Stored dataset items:
▼▼▼
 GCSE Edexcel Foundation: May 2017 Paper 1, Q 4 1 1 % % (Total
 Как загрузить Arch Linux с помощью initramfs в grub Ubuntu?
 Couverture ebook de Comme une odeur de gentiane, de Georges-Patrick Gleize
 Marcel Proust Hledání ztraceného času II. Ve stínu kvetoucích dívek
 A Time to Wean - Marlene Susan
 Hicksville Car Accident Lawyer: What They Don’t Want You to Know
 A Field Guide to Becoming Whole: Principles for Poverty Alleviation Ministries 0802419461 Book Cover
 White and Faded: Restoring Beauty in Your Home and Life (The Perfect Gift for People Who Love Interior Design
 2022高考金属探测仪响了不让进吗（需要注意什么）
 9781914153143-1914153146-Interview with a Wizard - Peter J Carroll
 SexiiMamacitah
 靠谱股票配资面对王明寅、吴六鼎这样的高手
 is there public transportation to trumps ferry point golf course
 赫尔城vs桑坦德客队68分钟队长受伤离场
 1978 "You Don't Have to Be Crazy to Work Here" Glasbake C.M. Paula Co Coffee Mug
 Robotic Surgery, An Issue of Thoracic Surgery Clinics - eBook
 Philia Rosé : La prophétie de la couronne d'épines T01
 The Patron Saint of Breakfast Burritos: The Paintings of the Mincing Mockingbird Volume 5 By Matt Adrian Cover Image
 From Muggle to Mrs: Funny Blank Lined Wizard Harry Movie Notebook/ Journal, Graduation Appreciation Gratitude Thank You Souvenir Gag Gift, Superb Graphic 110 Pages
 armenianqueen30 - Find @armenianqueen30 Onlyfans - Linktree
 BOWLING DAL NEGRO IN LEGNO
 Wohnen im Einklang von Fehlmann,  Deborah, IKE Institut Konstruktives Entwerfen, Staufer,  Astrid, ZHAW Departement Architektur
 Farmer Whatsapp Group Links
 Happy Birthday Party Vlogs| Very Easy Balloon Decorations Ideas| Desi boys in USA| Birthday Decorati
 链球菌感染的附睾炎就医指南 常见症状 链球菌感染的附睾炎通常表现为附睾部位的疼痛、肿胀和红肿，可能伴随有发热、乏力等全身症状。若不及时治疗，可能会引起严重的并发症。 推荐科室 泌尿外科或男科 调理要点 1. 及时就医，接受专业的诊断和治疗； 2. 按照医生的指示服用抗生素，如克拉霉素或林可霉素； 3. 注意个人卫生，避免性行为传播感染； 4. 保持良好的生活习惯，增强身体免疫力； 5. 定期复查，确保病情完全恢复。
▲▲▲
**Problem description**
Copy the records above exactly, beginning at the line that contains "9781914153143-1914153146-Interview with a" and stopping after the line that contains "Philia Rosé : La".

**Completed exercise**
 9781914153143-1914153146-Interview with a Wizard - Peter J Carroll
 SexiiMamacitah
 靠谱股票配资面对王明寅、吴六鼎这样的高手
 is there public transportation to trumps ferry point golf course
 赫尔城vs桑坦德客队68分钟队长受伤离场
 1978 "You Don't Have to Be Crazy to Work Here" Glasbake C.M. Paula Co Coffee Mug
 Robotic Surgery, An Issue of Thoracic Surgery Clinics - eBook
 Philia Rosé : La prophétie de la couronne d'épines T01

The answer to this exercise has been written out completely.